Nel dedalo di viuzze
Nei pressi della storica Fontana si diramano alcune viuzze in acciottolato che si arrampicano per poi ricongiungersi in prossimità della Rocca. Ai piedi del paese scorre la Francesca della Sambuca, una delle più importanti vie medievali, percorse da mercanti, pellegrini e briganti che collegavano l’Italia con i paesi d’Oltralpe.
Le case dell’abitato sono murate sulla roccia viva e sembrano emanazione dei macigni che le sostengono; ogni tanto qualche piccolo slargo coronato da muretti a secco che resistono al tempo, o una volticina che conduce a reticoli di stradelli più interni.
Restano solo i ricordi di un passato vivo: l’Ufficio postale, la Pretura, la Bottega della Peppa o la sfocata insegna di una macelleria che si trova nella piazzetta principale del paese, oggi gremita di gente solo il 25 Luglio, in occasione della festa patronale di San Jacopo.

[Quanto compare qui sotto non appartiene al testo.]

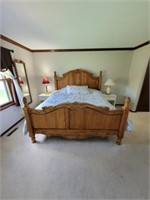 Custom Built Solid Oak King Size bed frame, come
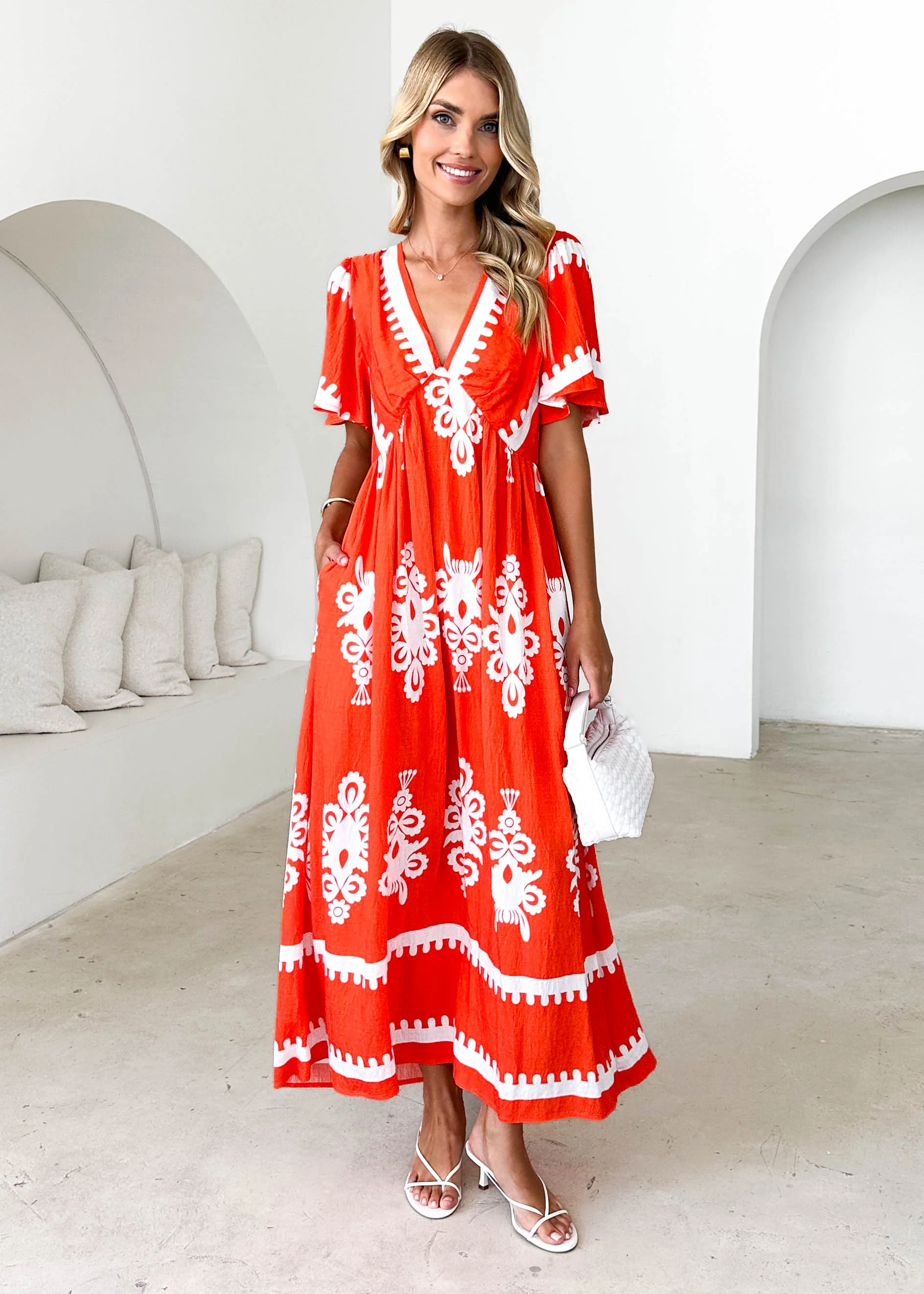 Renegade Maxi Dress - Tangerine - Honorern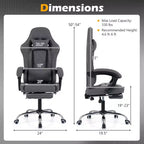 Costway Gaming Chair with Headrest, Lumbar Support, Linkage Armrests, Reclining Backrest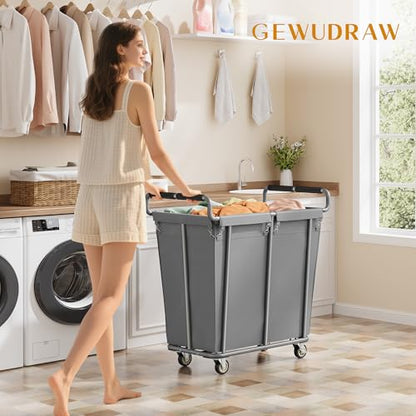 Gewudraw 360L Rolling Laundry Hamper with Wheels, 95 Gallons, Grey - color: Grey, size: 1-Section-360L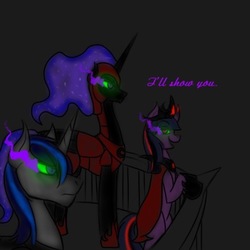 Size: 400x400 | Tagged: safe, artist:sinsays, nightmare moon, princess luna, shining armor, twilight sparkle, alicorn, pony, unicorn, ask corrupted twilight sparkle, tumblr:ask corrupted twilight sparkle, g4, alternate timeline, armor, betrayal, cape, clothes, color change, corrupted, corrupted element of harmony, corrupted element of magic, corrupted luna, corrupted nightmare moon, corrupted shining armor, corrupted twilight sparkle, crown, curved horn, dark, dark equestria, dark magic, dark queen, dark world, darkened coat, darkened hair, ethereal mane, glowing eyes, hoof shoes, horn, jewelry, magic, mind control, necklace, part of a series, possessed, queen twilight, regalia, sombra empire, sombra eyes, sombra horn, sombrafied, tiara, trio, tumblr, twilight is anakin, tyrant sparkle, unicorn twilight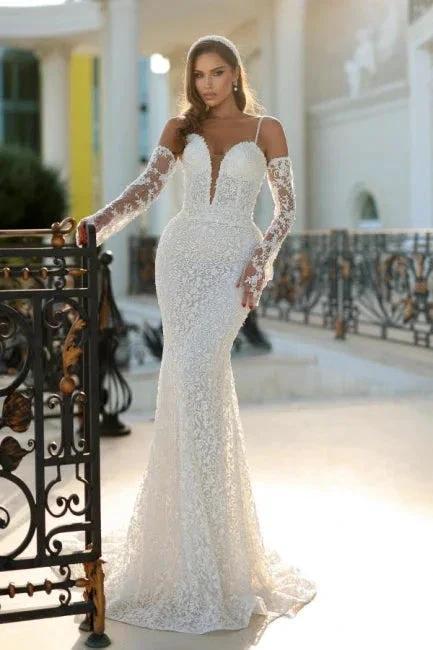 Vintage Long Ivory Mermaid Spaghetti Straps V-neck Lace Wedding Dress with Detachable Train - Image 2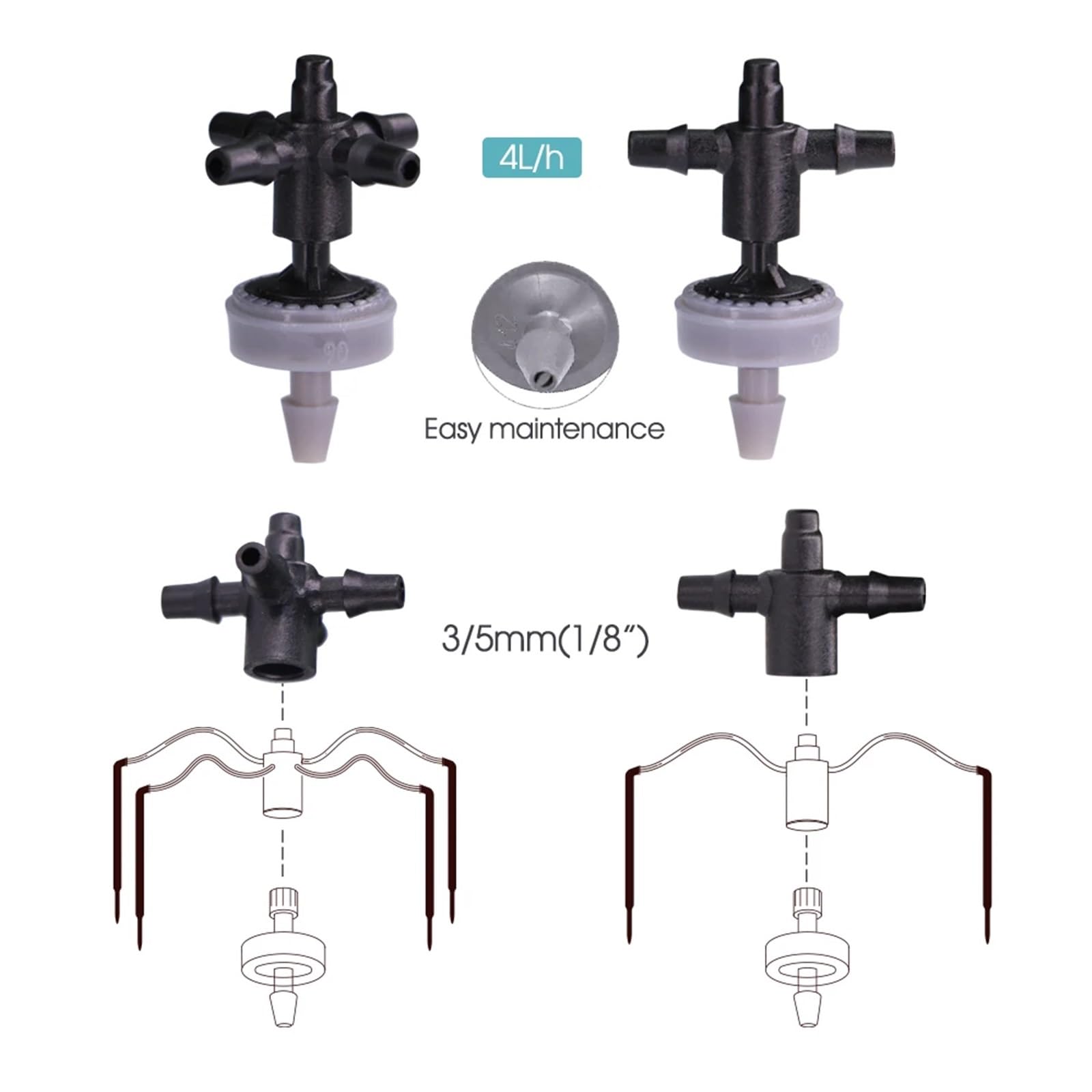 Goteros para Riego Accesorio de riego por Goteo agrícola, gotero de compensación, Distribuidor de Agua de 2, 4 y 8 litros(Style6)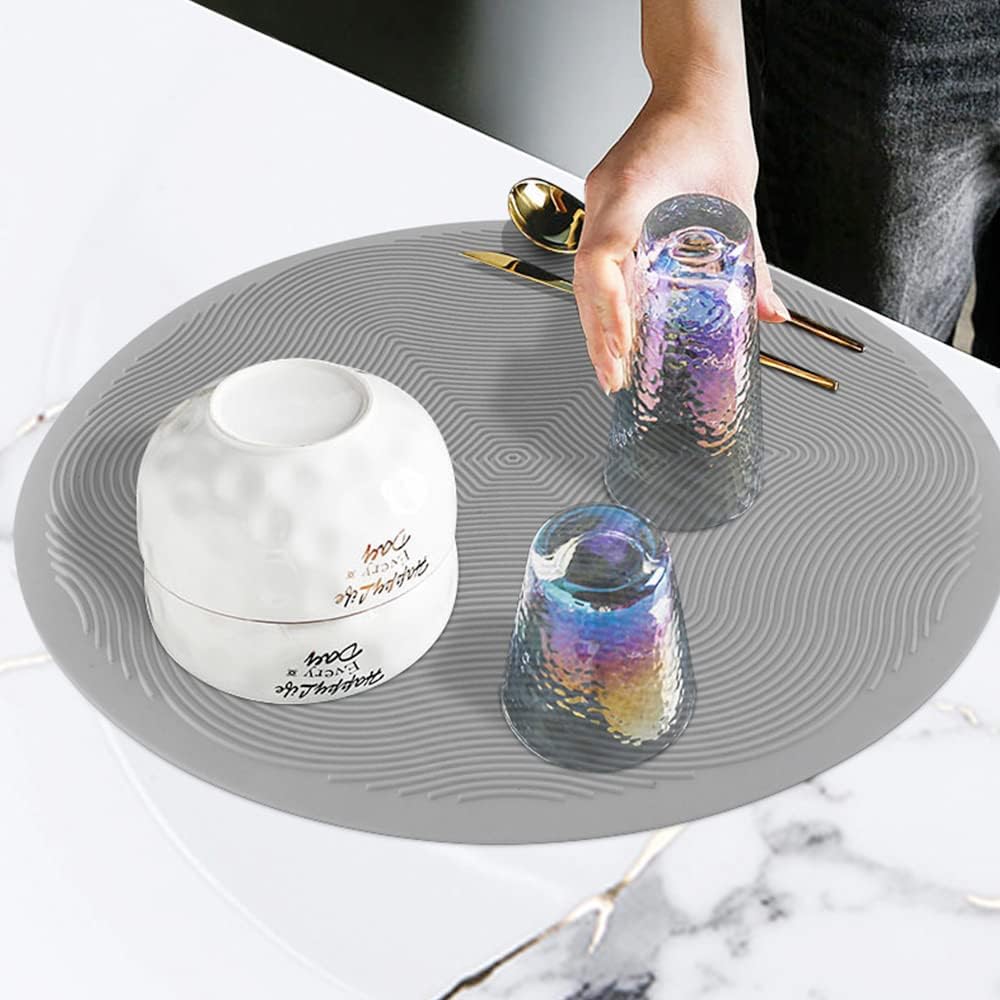 12 10 8 Inch Multi-use Microwave Mat, Trivet, Pot Holders, Drying, Baking, Place Mat, Utensils Rest, Silicone Cover Pad for Hot Pot Pans Bowls Plates Dishes Kitchen Counter,Heat Resistant,Blue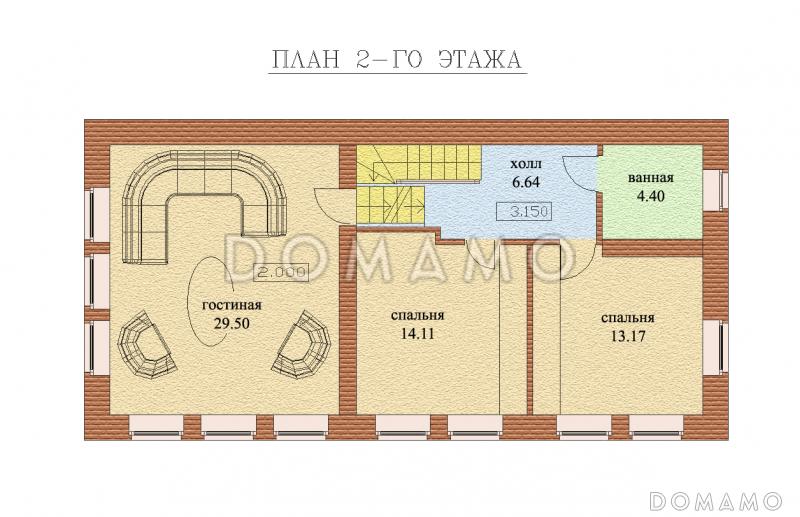 Проект двухэтажного дома с цокольным и мансардным этажами, с сауной и гаражом / План 2 этажа
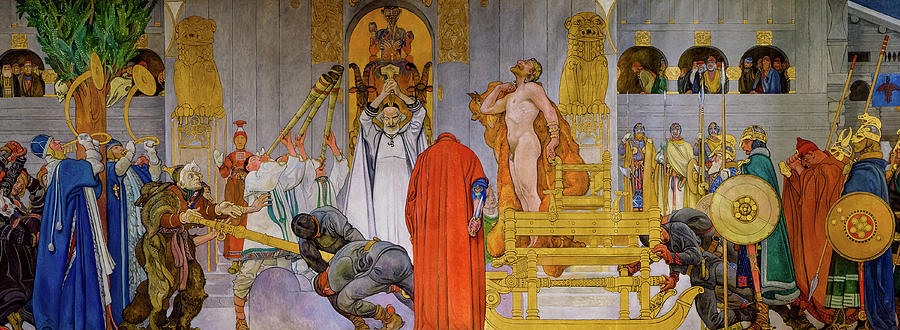 Midwinters Sacrifice, Midvinterblot, Vikings, 1915 Painting by Carl Larsson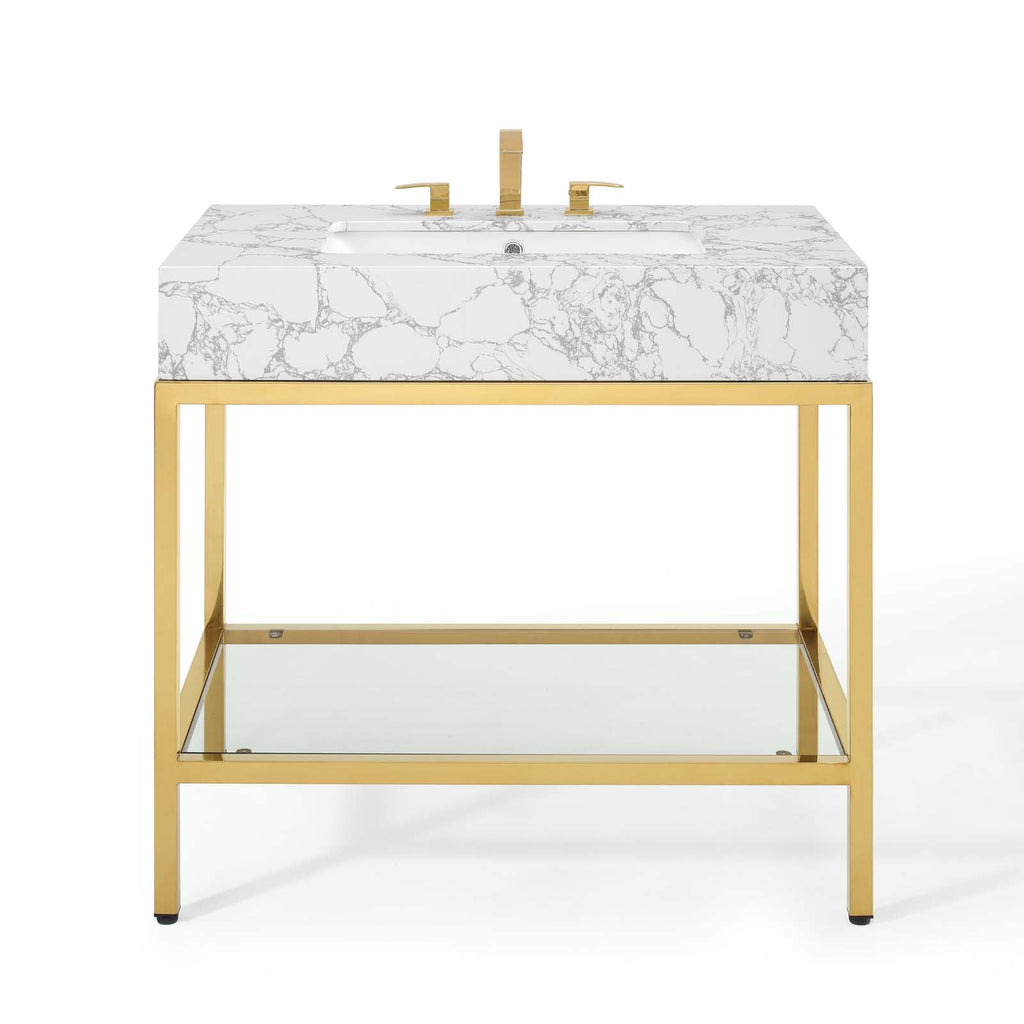Kingsley 36" Gold Stainless Steel Bathroom Vanity by Modway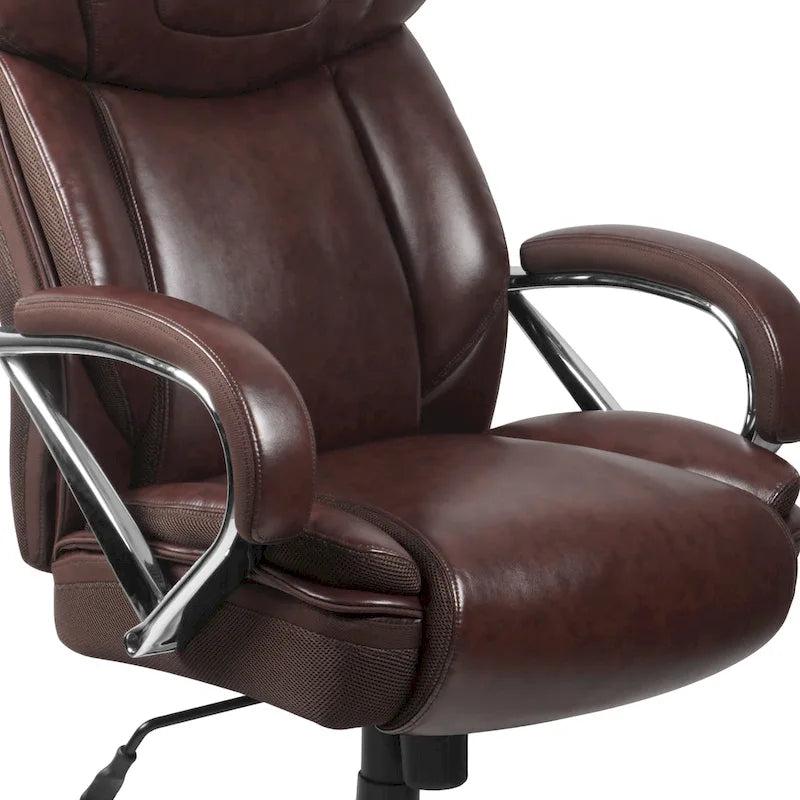 Chaise de bureau ergonomique pivotante en cuir pleine fleur, grande taille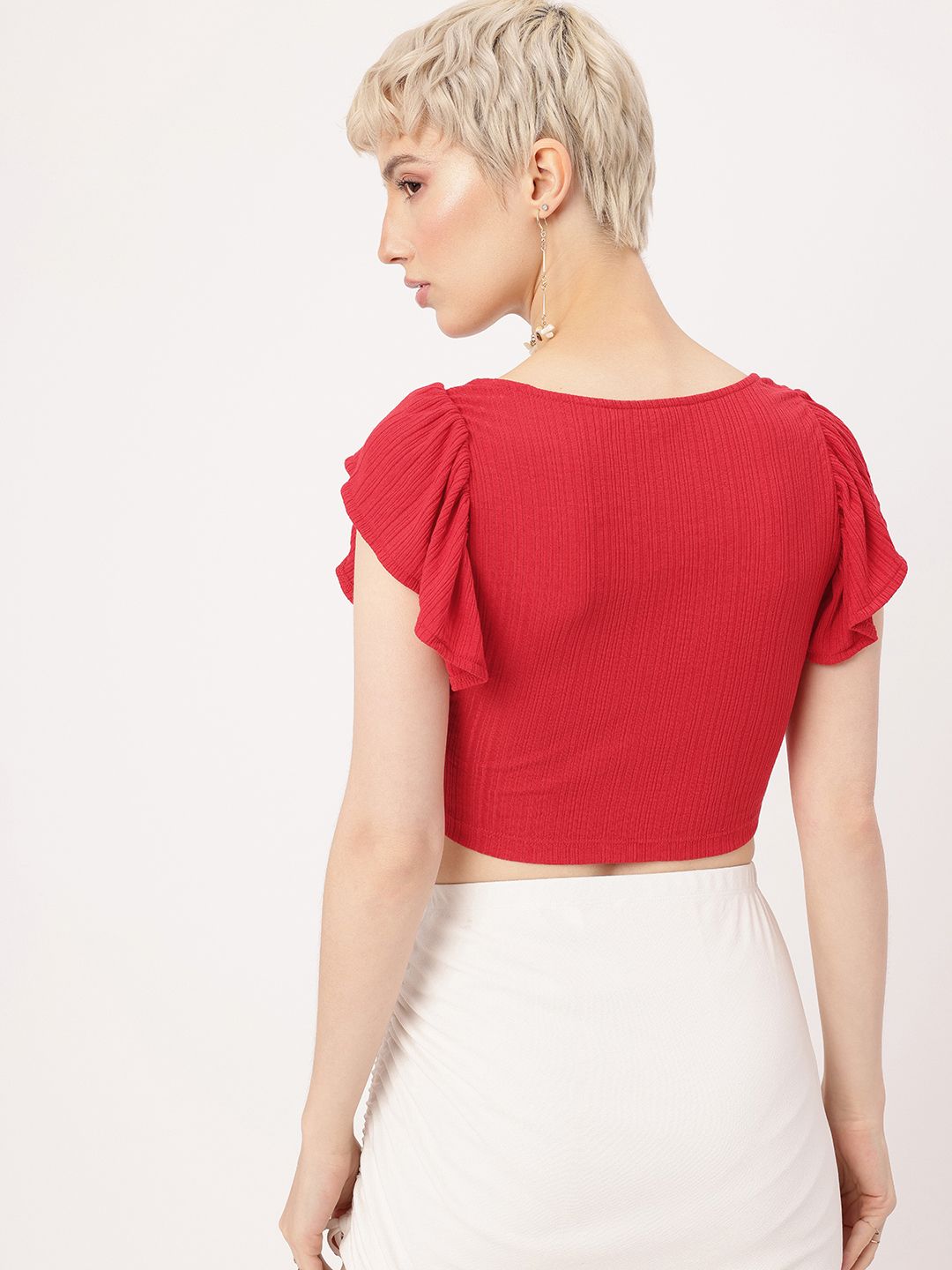 DressBerry Cherry Red Ruffle Play Top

In alto, a guardia del borgo, due maestosi edifici: la Chiesa dei Santi Jacopo e Cristoforo, il cui porticato si affaccia sulla valle angusta e profonda della Limentra occidentale e, in vetta, l’antica Rocca del Castello, da cui si domina un panorama maestoso, accarezzato da un cielo non di rado limpidissimo. Alle spalle della Rocca c’è il Cimitero, un fazzoletto di terra intimo e gentile dove riposano, tra i cipressi, generazioni di sambugani.
Una storia millenaria
Ma la Sambuga non è sempre stata così inanimata. La sua è una storia importante; la posizione strategica del Castello e del suo distretto, situati a cavallo tra Pistoia e Bologna lungo la Via Francesca, e la natura fiera e ribelle dei suoi abitanti, ne sono la spiegazione. L’abitato fortificato di Sambuca esisteva già nel secolo X , insieme alla Villam de Pavano (Pavana), e per tutto il Medioevo è stato conteso dai bolognesi e dai pistoiesi, tra scontri, ribellioni e tradimenti.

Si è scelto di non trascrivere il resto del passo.